Since the world’s first baby was born through in vitro fertilization in England in 1978, tens of thousands of IVF babies have been born all over the world. Considering all the attention to IVF in the news over the years, it would seem that everyone understood what it really means, but that is not really the case. We still regularly see patients who are not really sure what it involves, why we recommend it when we do, and so on. You can see a great deal of info about IVF and related topics in our “Patient Education” area on our website, but in a somewhat simplified “nutshell,” here’s what it’s about.
IVF was originally conceived to overcome infertility due to damaged or absent Fallopian tubes, and while that’s still a common indication, IVF now is probably most commonly used to overcome serious “male factor,” or sperm problems, and indeed very effectively. There are many other indications as well, including so-called “unexplained” infertility, endometriosis, etc.

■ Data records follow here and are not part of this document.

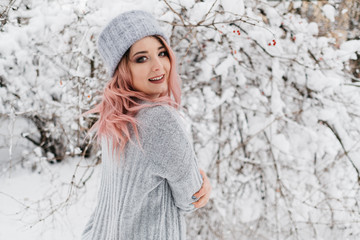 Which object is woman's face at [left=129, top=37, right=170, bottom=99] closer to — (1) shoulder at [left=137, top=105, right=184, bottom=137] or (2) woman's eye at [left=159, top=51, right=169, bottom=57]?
(2) woman's eye at [left=159, top=51, right=169, bottom=57]

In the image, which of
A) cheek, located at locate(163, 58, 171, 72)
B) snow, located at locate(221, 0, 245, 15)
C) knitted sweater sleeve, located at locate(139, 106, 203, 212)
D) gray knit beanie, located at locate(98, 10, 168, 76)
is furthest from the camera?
snow, located at locate(221, 0, 245, 15)

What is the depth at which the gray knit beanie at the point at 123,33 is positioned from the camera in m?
1.08

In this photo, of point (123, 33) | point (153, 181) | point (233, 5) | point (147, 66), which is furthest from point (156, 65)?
point (233, 5)

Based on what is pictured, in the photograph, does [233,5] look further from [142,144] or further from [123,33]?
[142,144]

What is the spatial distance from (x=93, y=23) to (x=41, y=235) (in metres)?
1.81

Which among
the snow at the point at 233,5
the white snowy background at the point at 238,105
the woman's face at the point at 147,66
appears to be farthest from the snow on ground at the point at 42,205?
the snow at the point at 233,5

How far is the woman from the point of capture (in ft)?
3.24

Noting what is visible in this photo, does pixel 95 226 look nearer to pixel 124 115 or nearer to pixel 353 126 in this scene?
pixel 124 115

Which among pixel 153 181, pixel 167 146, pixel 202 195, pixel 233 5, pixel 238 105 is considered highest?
pixel 233 5

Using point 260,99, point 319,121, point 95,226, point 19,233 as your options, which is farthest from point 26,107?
point 319,121

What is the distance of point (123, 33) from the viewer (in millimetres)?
1077

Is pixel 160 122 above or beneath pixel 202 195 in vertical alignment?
above

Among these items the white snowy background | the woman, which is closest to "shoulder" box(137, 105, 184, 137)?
the woman

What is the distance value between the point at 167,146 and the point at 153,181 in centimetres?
15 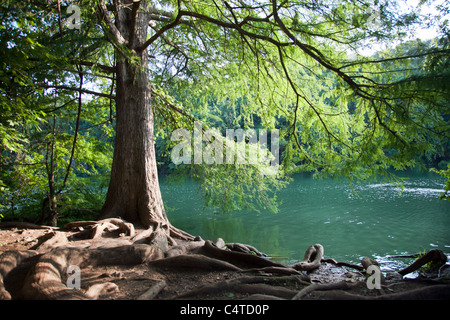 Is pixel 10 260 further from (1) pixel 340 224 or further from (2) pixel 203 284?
(1) pixel 340 224

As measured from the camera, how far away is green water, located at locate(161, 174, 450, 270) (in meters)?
7.73

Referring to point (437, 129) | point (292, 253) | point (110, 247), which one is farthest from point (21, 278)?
point (292, 253)

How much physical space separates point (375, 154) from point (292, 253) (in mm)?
4280

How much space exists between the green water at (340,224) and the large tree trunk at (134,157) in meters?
1.91

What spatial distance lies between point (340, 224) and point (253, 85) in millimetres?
6703

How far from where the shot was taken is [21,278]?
8.54ft

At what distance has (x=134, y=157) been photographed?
5391 millimetres

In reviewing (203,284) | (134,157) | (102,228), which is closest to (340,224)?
(134,157)

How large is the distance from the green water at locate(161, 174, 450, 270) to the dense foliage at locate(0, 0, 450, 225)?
3.92 ft

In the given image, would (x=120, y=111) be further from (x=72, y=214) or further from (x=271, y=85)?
(x=271, y=85)

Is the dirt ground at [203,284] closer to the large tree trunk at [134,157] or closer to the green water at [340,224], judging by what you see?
the large tree trunk at [134,157]

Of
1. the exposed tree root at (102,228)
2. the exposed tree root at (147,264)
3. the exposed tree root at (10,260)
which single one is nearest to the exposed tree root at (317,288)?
the exposed tree root at (147,264)

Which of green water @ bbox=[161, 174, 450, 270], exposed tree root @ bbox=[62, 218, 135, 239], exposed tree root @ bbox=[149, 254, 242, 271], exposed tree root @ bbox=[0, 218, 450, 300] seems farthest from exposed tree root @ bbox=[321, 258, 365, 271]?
exposed tree root @ bbox=[62, 218, 135, 239]

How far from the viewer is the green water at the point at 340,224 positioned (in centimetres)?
773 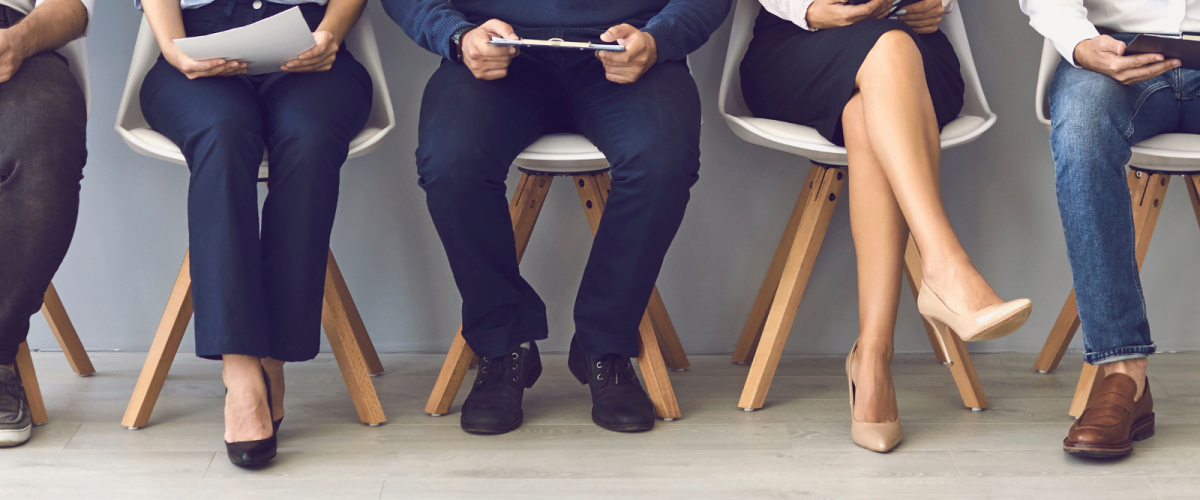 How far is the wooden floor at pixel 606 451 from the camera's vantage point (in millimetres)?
1266

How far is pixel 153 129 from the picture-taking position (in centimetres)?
152

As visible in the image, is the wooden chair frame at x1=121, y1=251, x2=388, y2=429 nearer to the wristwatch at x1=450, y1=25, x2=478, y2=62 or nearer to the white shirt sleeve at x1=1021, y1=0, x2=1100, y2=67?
the wristwatch at x1=450, y1=25, x2=478, y2=62

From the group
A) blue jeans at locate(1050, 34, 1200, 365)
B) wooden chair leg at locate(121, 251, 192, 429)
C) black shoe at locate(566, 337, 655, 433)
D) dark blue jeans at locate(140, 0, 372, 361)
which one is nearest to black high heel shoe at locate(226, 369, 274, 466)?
dark blue jeans at locate(140, 0, 372, 361)

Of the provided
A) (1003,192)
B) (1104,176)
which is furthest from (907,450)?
(1003,192)

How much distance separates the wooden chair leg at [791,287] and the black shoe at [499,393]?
1.27ft

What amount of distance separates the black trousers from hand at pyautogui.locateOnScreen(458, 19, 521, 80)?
640 mm

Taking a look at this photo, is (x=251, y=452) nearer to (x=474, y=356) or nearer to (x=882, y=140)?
(x=474, y=356)

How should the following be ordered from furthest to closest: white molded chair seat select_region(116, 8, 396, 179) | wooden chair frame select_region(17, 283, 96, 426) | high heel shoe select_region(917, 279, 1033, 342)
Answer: wooden chair frame select_region(17, 283, 96, 426), white molded chair seat select_region(116, 8, 396, 179), high heel shoe select_region(917, 279, 1033, 342)

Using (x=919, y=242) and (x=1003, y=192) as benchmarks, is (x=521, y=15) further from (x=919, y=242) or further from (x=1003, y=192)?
(x=1003, y=192)

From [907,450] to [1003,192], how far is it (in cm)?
80

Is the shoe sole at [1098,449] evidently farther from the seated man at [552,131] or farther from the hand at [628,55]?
the hand at [628,55]

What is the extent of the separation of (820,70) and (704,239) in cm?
57

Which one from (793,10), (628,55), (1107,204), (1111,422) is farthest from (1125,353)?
(628,55)

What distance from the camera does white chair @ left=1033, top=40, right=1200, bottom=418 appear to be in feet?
4.83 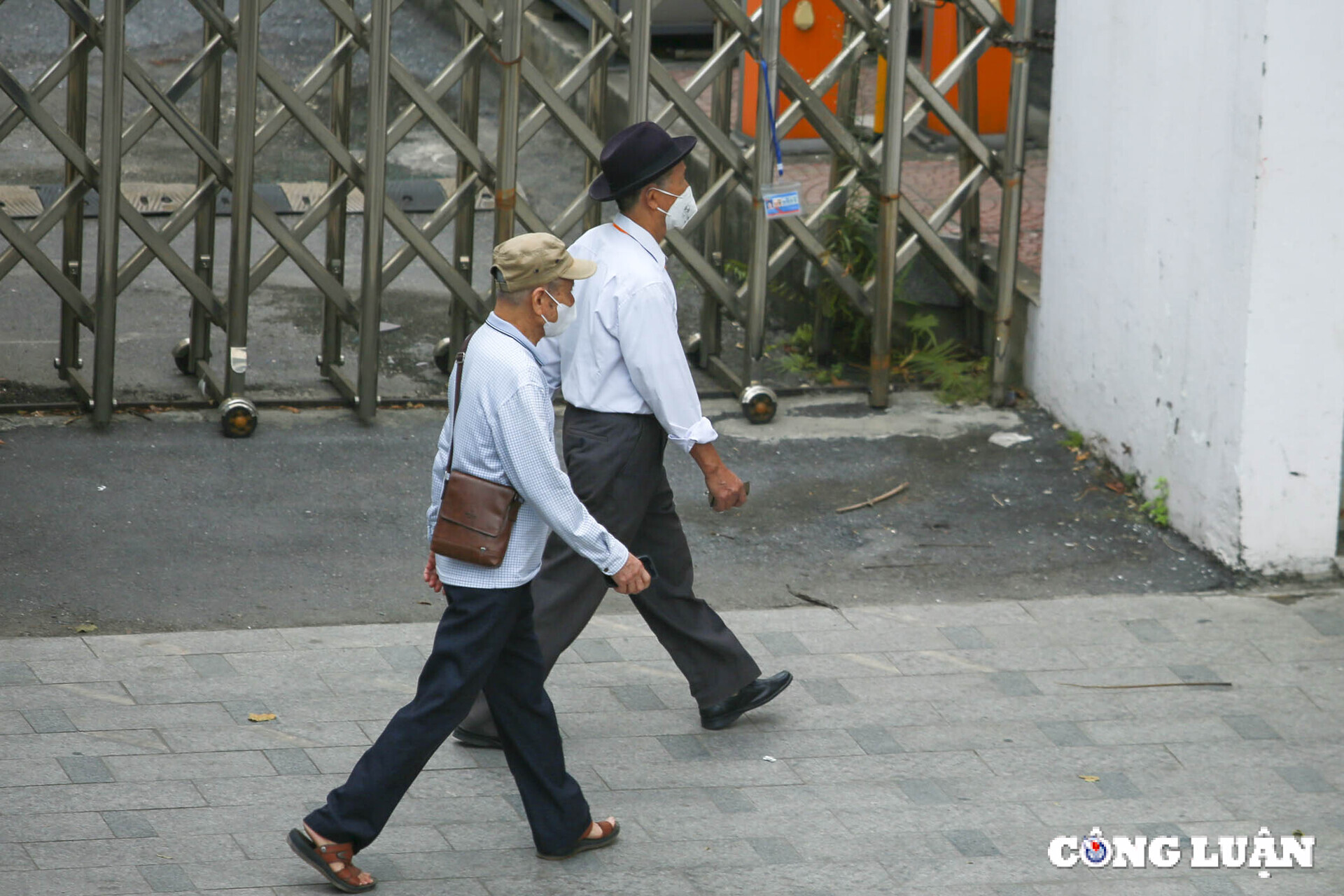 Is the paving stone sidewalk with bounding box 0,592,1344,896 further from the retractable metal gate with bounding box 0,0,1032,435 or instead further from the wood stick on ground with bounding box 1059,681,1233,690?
the retractable metal gate with bounding box 0,0,1032,435

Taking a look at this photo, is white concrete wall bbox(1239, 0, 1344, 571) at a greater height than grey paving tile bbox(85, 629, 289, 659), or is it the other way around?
white concrete wall bbox(1239, 0, 1344, 571)

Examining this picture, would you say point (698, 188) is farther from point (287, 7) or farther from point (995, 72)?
point (287, 7)

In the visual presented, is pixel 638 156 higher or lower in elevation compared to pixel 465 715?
higher

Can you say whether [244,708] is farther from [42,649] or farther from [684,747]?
[684,747]

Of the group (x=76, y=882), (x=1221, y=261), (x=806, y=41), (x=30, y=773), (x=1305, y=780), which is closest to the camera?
(x=76, y=882)

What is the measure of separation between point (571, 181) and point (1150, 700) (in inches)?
297

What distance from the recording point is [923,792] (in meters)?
4.84

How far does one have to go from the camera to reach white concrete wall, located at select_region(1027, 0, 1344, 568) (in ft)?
19.9

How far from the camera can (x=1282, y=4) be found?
5.94 meters

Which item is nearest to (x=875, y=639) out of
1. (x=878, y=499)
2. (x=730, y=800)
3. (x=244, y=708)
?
(x=730, y=800)

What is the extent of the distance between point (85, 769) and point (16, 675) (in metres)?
0.72

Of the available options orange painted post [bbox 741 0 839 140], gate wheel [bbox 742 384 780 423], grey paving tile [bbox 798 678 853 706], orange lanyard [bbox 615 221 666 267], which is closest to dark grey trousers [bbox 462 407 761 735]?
grey paving tile [bbox 798 678 853 706]

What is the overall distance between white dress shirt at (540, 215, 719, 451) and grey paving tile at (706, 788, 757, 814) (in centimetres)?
95

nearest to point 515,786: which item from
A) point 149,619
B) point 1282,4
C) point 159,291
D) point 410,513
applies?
point 149,619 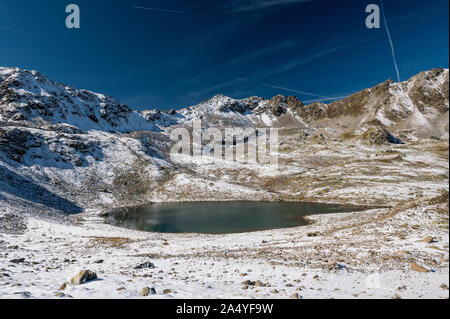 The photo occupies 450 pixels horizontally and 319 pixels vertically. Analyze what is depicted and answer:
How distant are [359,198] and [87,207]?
284ft

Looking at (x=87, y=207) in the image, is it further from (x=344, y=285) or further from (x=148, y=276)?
(x=344, y=285)

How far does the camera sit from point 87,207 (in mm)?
71062

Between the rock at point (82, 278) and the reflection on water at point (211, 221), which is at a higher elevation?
the rock at point (82, 278)

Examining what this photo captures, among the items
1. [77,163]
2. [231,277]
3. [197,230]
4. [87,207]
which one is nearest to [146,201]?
[87,207]

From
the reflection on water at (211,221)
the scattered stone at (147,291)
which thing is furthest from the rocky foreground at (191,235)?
the reflection on water at (211,221)

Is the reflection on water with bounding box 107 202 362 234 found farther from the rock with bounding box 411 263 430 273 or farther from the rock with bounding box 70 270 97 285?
the rock with bounding box 411 263 430 273

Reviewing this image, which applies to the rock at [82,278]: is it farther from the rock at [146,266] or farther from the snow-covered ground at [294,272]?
the rock at [146,266]

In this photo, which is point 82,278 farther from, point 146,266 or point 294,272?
point 294,272

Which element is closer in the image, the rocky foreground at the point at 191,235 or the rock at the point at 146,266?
the rocky foreground at the point at 191,235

We start by stimulating a patient’s ovaries with the same hormone (FSH) her pituitary gland normally produces to stimulate ovulation, but in larger doses, to overcome her natural tendency to produce just one egg at a time. We monitor that process with an occasional ultrasound and estrogen measurement, and on a certain day–perhaps 7 or 8 days later, we give a final hormone (hCG) to initiate the final stages of ovulation. Precisely 36 hours later we collect the eggs, vaginally, by ultrasound, under some mild anesthesia, and within a few hours the eggs are inseminated with sperm and the next morning we see how many have fertilized. Ideally we will have multiple embryos to grow in culture in the lab to about day 5, when they are a hollow ball of cells called a blastocyst.
Depending (mostly) on the patient’s age, we would then plan to transfer one or two blastocysts into her uterus. This is done under ultrasound guidance and is painless, requiring no anesthesia. And then we wait, about two weeks, before a pregnancy test can be performed.
Any extra blastocysts can be frozen, or “cryopreserved,” and can be used in a month or two for another attempt if the patient fails to achieve a pregnancy, or perhaps in a couple of years if she does! Frozen embryo transfers are much simpler, and much less expensive, than the original, “fresh” cycle.